The name was given by Dutch settlers who build the first settlement in what is now Harlem. It was founded in 1658 as Nieuw Haarlem (or New Haarlem), after the Dutch city of Haarlem.

2006-06-19 11:35:32 · answer #1 · answered by ragzeus 6 · 0 0

This is a story I found:

East Harlem History - Page 1

East Harlem History*
All the area north of what is now 59th Street was called "Muscoota" by the Manhattan Indians. Muscoota means "flat place". This flat place was good for growing food and this is why many of the Manhattan Indians lived in this part of Manhattan. When the Dutch arrived and took over the lower, southern part of the island - "Nieuw Amsterdam", they left the native Indians pretty much to themselves in the northern part.

First European in Muscoota
One trader, Mynheer Hendrick de Forest became the first European to set foot in Muscoota. He liked it immediately. After a while, he built a house, planted some crops and began living in Muscoota, all without asking the Native American if he could. Later on, other Dutchmen and women followed suite and began to move into Muscoota too.

War broke out with the Native Americans after the Governor Kieft indiscriminately and arbitrarily sentenced some to death. The Manhattan Indians managed to kill all of the settlers. The arrival of Governor Peter Stuyvesant changed Muscoota forever. Governor Stuyvesant built a town in Muscoota and named it "Nieuw Haarlem". With the arrival of the English in 1664 Nieuw Haarlem's name was changed to "Harlem".

2006-06-19 17:43:36 · answer #2 · answered by jennabuggle 2 · 0 0

Also note that there is a city called Haarlem in the The Netherlands. New York's Harlem takes it name from this city.

Before the Black Migration
The first European settlement in what is now Harlem was by Dutch settlers and was formalized in 1658 as Nieuw Haarlem (or New Haarlem), after the Dutch city of Haarlem.

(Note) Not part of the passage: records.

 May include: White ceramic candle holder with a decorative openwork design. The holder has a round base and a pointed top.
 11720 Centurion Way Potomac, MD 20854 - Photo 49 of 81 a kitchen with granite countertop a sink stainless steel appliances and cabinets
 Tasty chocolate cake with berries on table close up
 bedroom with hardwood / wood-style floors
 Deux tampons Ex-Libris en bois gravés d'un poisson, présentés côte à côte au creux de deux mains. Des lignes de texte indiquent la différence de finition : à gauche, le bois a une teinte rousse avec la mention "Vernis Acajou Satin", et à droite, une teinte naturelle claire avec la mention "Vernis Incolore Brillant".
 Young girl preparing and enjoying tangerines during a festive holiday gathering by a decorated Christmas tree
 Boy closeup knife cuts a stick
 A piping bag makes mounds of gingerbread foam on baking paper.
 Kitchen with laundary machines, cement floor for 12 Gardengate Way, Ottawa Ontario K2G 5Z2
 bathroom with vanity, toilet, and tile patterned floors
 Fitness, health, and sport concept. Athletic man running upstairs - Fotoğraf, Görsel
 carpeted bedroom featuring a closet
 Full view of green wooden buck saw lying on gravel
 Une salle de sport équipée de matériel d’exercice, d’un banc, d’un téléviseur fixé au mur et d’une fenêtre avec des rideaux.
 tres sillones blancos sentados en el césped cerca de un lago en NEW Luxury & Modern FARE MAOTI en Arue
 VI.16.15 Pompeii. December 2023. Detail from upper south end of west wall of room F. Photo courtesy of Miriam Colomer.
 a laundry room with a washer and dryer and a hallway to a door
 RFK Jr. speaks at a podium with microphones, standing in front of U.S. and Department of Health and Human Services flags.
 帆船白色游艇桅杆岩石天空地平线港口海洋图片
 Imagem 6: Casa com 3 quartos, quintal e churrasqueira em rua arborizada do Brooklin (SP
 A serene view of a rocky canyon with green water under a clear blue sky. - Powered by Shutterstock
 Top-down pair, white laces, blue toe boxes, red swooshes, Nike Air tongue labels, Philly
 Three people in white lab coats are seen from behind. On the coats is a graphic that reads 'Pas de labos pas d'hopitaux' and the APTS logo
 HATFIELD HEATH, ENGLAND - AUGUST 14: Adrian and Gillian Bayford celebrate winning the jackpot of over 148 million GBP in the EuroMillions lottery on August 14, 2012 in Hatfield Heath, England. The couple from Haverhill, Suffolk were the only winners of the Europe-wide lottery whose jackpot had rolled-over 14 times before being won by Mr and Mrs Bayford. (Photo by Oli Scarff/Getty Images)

The Indian trail to Harlem's lush bottomland meadows was rebuilt by the Dutch West India Company's black slaves and eventually developed into the Boston Post Road. In 1664, the English took control of the New Netherland colony and anglicized the name of the town to Harlem. On September 16, 1776, the Battle of Harlem Heights (also called the Battle of Harlem or Battle of Harlem Plain) was fought in western Harlem around the Hollow Way (now West 125th St.), with conflicts on Morningside Heights to the south and Harlem Heights to the north.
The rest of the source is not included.